Indeed, when new lines are added to a file, the content of margin may change for some old lines whereas the corresponding code was not changed. That's the case, for example, when the margin contains lines number. In such a case, SonarQube is not able to know that the code on this line is the same than in the past.
Our COBOL and RPG analyzers can already ignore margins in order to properly parse the file. A fixed format can be defined with a project parameter but also, in the case of COBOL, the format can change within the file itself.
SonarQube should also ignore those margins, at least in the case of a file using a fixed format, to correctly detect which lines and issues are new.
As a first step, the COBOL analyzer will be the only one that will benefit from those improvements.
- SonarQube API should give the possibility for analyzers to specify what is the significative part of the lines in a file. The API will look like the one for CPD tokens:
- If the API is not called for a file -> all entire lines are considered as significant
- Basic rules for the API:
- addRange can be called only with range spanning over a single line
- addRange can not be called twice for the same line
- if addRange is not called for a given line, the line is considered as NOT significant (or the significant part is empty)
- The compute engine keeps computing the raw file and the corresponding hash to be able to detect if the file has changed. Meaning that, if only the margins change, the file is still considered as modified.
-> The position of the issue in the line still refers to the raw line that is passed to SQ, and the display in SQ keeps working the same way.
- Based on the info that is optionally provided by the analyzer, the scanner sends for each line the range of significant code for issue tracking/new line detection (ie without considering the margins).
-> New lines detection and issue matching mechanisms still rely on line hash, and this one changes only when the code is really updated.
- SonarQube stores a flag in DB, in the FILE_SOURCES table, to indicate whether the line hashes refer to a line with a significant code range.
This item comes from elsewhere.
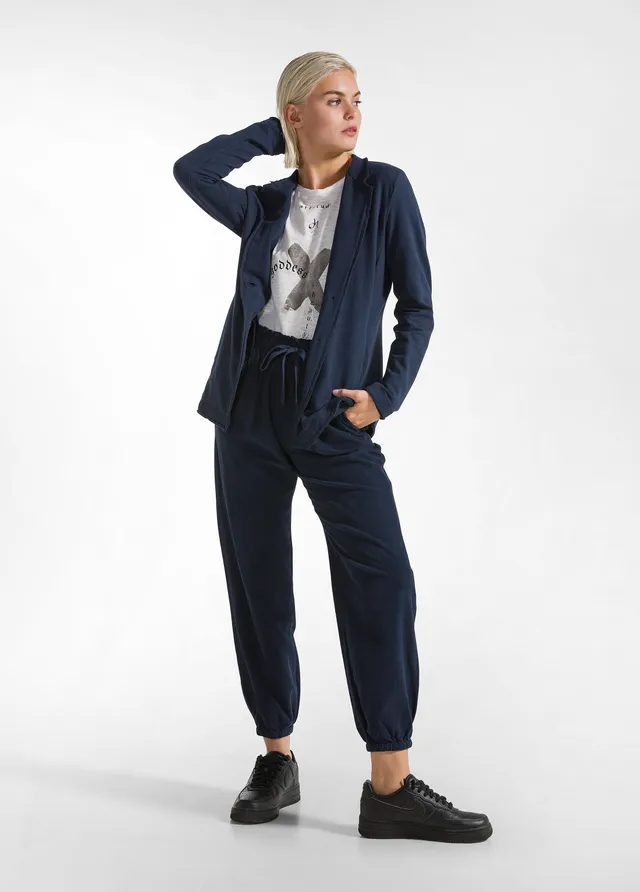 deha-pantalone-jogger-in-velluto-leggero-blu image 1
It can be called 'SIGNIFICANT_CODE'.
- If a file doesn't have this flag (or the flag is set to false) but that a significant code range is included in the report from the scanner, SonarQube
- calculates line hashes in the old way, not taking into account the significant code range but using the whole line for all steps in the compute engine (file move detection, issue tracking, no scm diff).
- calculates and persist line hashes taking into account the significant code range when persisting it, and set the flag to true in DB.
- On first project analysis after upgrade:
- All lines hashes are updated in DB even for the files that have not been modified.
- If a file hasn't been modified, as the file hash is still the same, lines are not considered as new and issues remain unchanged.
- If a file has been modified but margin doesn't change, since we compare hashes for the whole line, new/updated lines and issues are correctly identified.
- Limitation: If a file has been modified but margin changes, we'll have the same drawback than in the past with the first analysis of the project: lines for which the margin has changed as well as issues in those lines are considered as new.